A coworker at EC clued me in to a great website, The Public Domain Review:
http://publicdomainreview.org/
The site's description of itself:
The public domain is a vast commons of material that everyone is free to enjoy, share and build upon without restriction. All works eventually enter the public domain – from classic works of art, music and literature, to abandoned drafts, tentative plans, and overlooked fragments.
The Public Domain Review aspires to become a bounteous gateway into the whopping plenitude that is the public domain, helping our readers to explore this rich terrain by surfacing unusual and obscure works, and offering fresh reflections and unfamiliar angles on material which is more well known.

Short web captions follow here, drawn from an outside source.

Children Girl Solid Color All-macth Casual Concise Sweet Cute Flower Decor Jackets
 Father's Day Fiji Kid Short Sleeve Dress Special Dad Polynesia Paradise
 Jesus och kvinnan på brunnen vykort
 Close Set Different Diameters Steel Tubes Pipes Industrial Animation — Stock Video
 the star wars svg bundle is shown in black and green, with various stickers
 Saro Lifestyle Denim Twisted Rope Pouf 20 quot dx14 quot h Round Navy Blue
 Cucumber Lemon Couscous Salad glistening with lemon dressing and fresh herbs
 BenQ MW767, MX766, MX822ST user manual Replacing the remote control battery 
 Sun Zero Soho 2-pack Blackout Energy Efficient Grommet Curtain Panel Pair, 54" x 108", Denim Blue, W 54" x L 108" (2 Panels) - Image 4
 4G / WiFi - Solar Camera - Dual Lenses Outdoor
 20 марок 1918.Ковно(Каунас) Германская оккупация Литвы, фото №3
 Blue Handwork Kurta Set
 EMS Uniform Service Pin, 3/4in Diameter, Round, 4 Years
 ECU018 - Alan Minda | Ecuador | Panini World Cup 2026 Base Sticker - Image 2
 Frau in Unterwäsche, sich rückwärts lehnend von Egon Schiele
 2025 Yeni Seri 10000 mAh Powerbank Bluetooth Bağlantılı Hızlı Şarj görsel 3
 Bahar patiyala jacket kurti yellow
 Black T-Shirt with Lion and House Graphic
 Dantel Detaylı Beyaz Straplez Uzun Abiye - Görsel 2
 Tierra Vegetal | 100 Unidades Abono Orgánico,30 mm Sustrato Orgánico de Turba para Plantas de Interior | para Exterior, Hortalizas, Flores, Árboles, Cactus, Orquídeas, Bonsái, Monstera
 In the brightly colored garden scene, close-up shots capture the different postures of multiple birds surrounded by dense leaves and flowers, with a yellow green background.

By providing a curated collection of exotic scraps and marvellous rarities and linking to freely distributable copies of works in online archives and from far flung corners of the web, we hope to encourage readers to further utilise and explore public domain works by themselves.The site seems to mainly focus on books, but also covers film and images. Lots of weird and wonderful documents that few of us would likely ever discover on our own. I've already downloaded English as She is Spoke from 1884, and am enjoying browsing leisurely for other items of interest. Hmm, I'm rather tempted by The Criminal Prosecution and Capital Punishment of Animals from 1906 (animals tried for human crimes) and The Danger of Premature Interment from 1816 (make sure someone is really dead before you bury them).
The site encourages submission of articles about public domain works, and is open to suggestions for works to include.